## Collected data
•••••

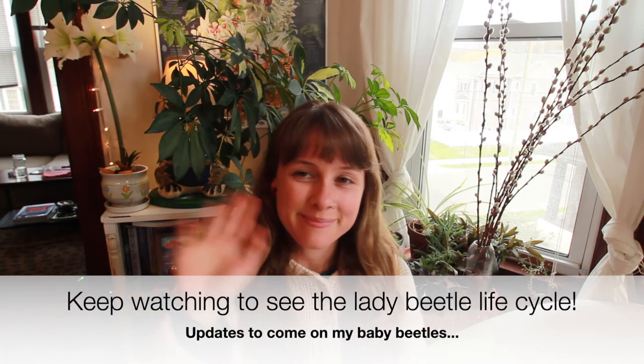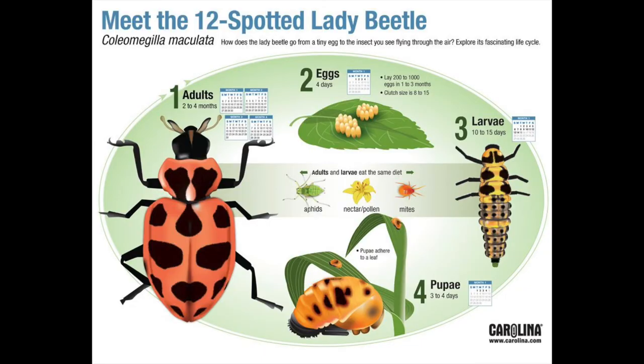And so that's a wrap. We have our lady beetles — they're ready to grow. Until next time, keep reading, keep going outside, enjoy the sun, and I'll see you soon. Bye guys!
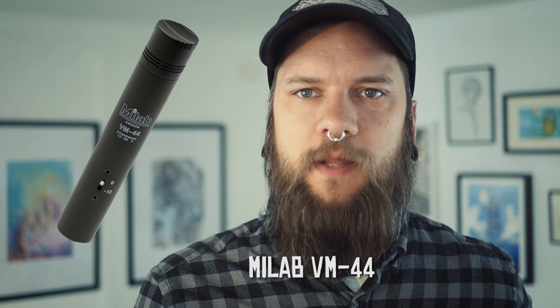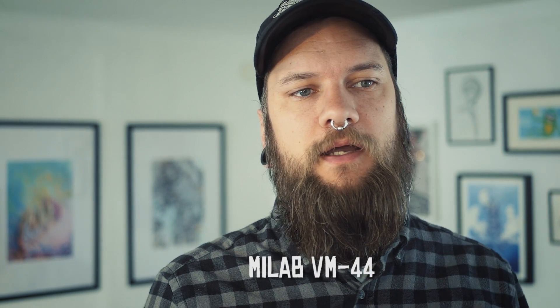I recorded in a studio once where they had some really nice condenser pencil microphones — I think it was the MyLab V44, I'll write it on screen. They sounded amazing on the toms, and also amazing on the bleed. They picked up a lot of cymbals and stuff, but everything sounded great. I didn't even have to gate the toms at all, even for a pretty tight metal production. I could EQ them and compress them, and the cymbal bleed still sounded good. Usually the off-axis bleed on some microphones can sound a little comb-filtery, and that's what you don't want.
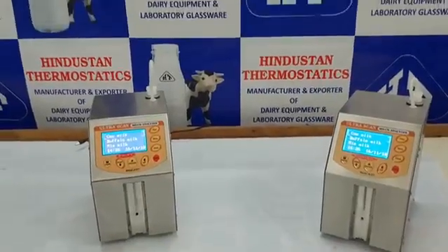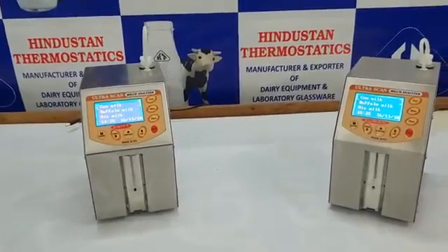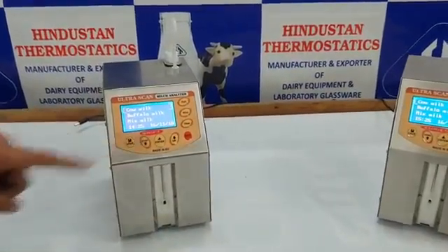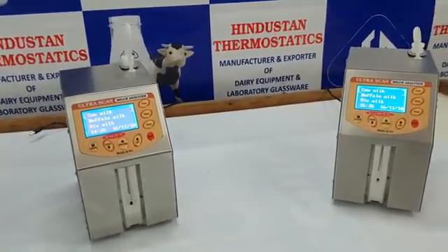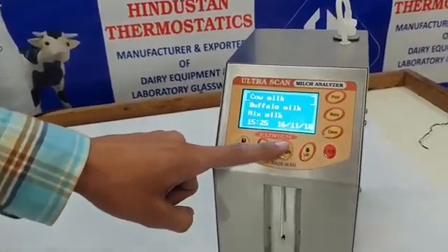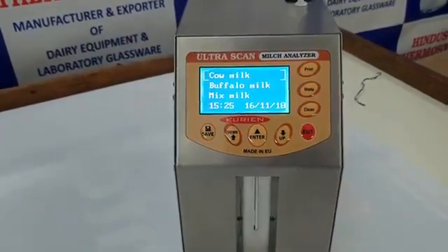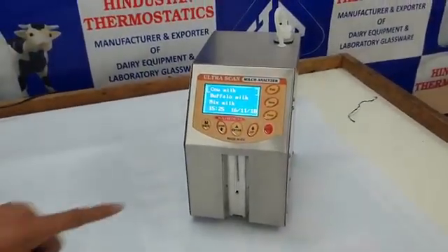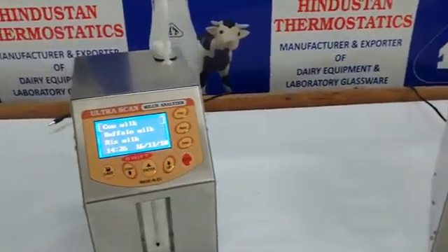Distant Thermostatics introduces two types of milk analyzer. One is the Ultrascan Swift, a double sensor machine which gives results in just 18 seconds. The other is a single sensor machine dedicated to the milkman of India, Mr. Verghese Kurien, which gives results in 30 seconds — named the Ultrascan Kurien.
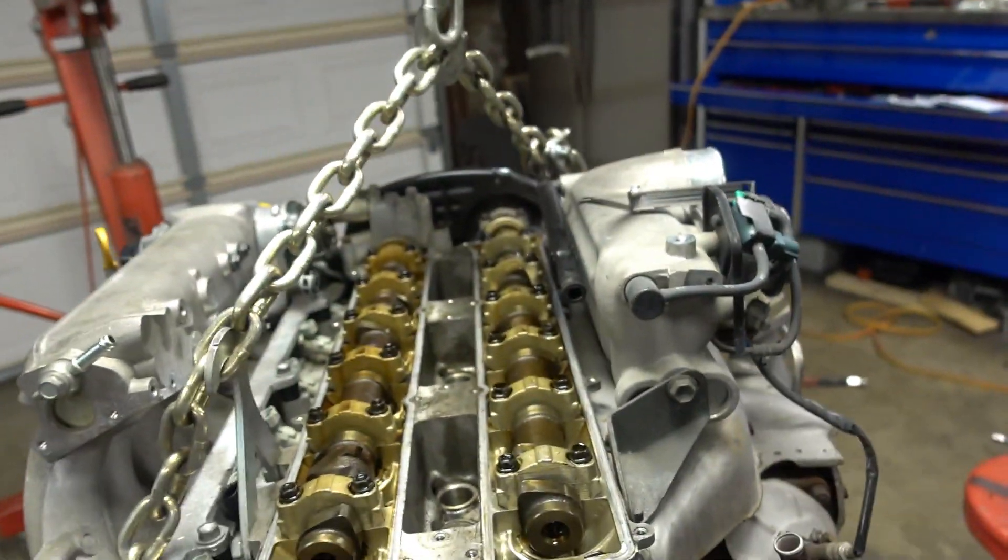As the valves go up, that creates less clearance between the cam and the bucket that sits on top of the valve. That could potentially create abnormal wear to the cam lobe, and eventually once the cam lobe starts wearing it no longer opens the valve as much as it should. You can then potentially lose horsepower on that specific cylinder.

•••••

## What this task involves
Would you please retype the material above exactly and leave out each picture?

## Response area
And so that's a wrap. We have our lady beetles — they're ready to grow. Until next time, keep reading, keep going outside, enjoy the sun, and I'll see you soon. Bye guys!
I recorded in a studio once where they had some really nice condenser pencil microphones — I think it was the MyLab V44, I'll write it on screen. They sounded amazing on the toms, and also amazing on the bleed. They picked up a lot of cymbals and stuff, but everything sounded great. I didn't even have to gate the toms at all, even for a pretty tight metal production. I could EQ them and compress them, and the cymbal bleed still sounded good. Usually the off-axis bleed on some microphones can sound a little comb-filtery, and that's what you don't want.
Distant Thermostatics introduces two types of milk analyzer. One is the Ultrascan Swift, a double sensor machine which gives results in just 18 seconds. The other is a single sensor machine dedicated to the milkman of India, Mr. Verghese Kurien, which gives results in 30 seconds — named the Ultrascan Kurien.
As the valves go up, that creates less clearance between the cam and the bucket that sits on top of the valve. That could potentially create abnormal wear to the cam lobe, and eventually once the cam lobe starts wearing it no longer opens the valve as much as it should. You can then potentially lose horsepower on that specific cylinder.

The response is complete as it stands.